Why isn't format!("{:.2}", x) accurate?

fn main() {
    println!("{:.2}", 4.305); // 4.30 -> innaccurate
    println!("{:.2}", round_number(4.305)); // 4.31 -> accurate
}

pub fn round_number(nr: f64) -> f64 {
    (nr * 100f64).round() / 100f64
}

Why isn't {:.2} accurate by default?

Because floating-point numbers aren't decimal.

5 Likes

To elaborate, this demonstrates the precise behavior at play relatively well:

fn main() {
    println!("{:.2}", 4.305); // 4.30 -> “innaccurate”
    println!("{:.80}", 4.305); // 4.30 -> full accuracy of *actual* float
}
4.30
4.30499999999999971578290569595992565155029296875000000000000000000000000000000000

In case you wonder now “why does multiplying by 100 give the more ‘correct’ seeming result then?”, the answer is, that the deviation between 4.30499999999999971578290569595992565155029296875 and 4.305 is so small, that the floating point number closest to 430.499999999999971578290569595992565155029296875 turns out to be exactly 430.5.

fn main() {
    println!("{:.80}", 430.499999999999971578290569595992565155029296875);
}
430.50000000000000000000000000000000000000000000000000000000000000000000000000000000

Finally, if you wonder, why does println!("{}", 4.305); print something different than println!("{:.80}", 4.305), almost as if the float in question was exactly 4.305, the answer to that question in turn is: When printing a float without specifying a number of digits, then the printing algorithm will choose only as many digits as are necessary in order to converting the result back into a float to create an accurate result. Since turning the decimal number 4.305 into a float will correctly result in the floating point number 4.30499999999999971578290569595992565155029296875 being generated, that means that 4.305 is a fine choice for printing it.

10 Likes

And if you're interested in further details, there is this gem and its accompanying article, which brightened my whole day when I first stumbled across them: the world just seems a better place when you discover something so well done.

8 Likes

Ah, very nice! I’ve googled for similar tools quickly, but didn’t come across one where I could properly link to the number in question ^^

1 Like

On top of the other good answers, it's worth noting that floating point is not meant to be a perfect representation (not even of numbers with an exact representation in binary); they are meant to be an approximation of the infinite set of real numbers into a finite set, designed to be amenable to numerical analysis and also to get "good enough" results most of the time if you're not doing numerical analysis of your algorithms.

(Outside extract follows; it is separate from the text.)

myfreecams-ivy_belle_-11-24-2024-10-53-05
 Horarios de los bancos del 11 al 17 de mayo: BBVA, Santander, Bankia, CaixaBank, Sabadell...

In turn, numerical analysis is the field of mathematics that looks at how approximations behave algorithmically, and aims to either tell you that your algorithm can't be used to get useful results with an approximation, or what the error bound is for your algorithm. For example, naïve floating point summation has an error bound that's proportional to the number of entries in the list to be summed; a good compensated summation algorithm has an error bound that's independent of the number of entries in the list, and only depends on the range of values in the list and the precision of the floating point types in use.

5 Likes

Because your example doesn't actually show what you think it does. As proof, here's the same code with a different value to "show" that {:.2} is accurate but round_number isn't:

fn main() {
    println!("{:.2}", 4.3049999999999999); // 4.30 -> accurate
    println!("{:.2}", round_number(4.3049999999999999)); // 4.31 -> inaccurate
}

pub fn round_number(nr: f64) -> f64 {
    (nr * 100f64).round() / 100f64
}

https://play.rust-lang.org/?version=stable&mode=debug&edition=2021&gist=da4aedef8484d127fb24321f50529c5d

Rounding is a horrible operation, because any error in the input can be greatly magnified in the output.

6 Likes

This topic was automatically closed 90 days after the last reply. We invite you to open a new topic if you have further questions or comments.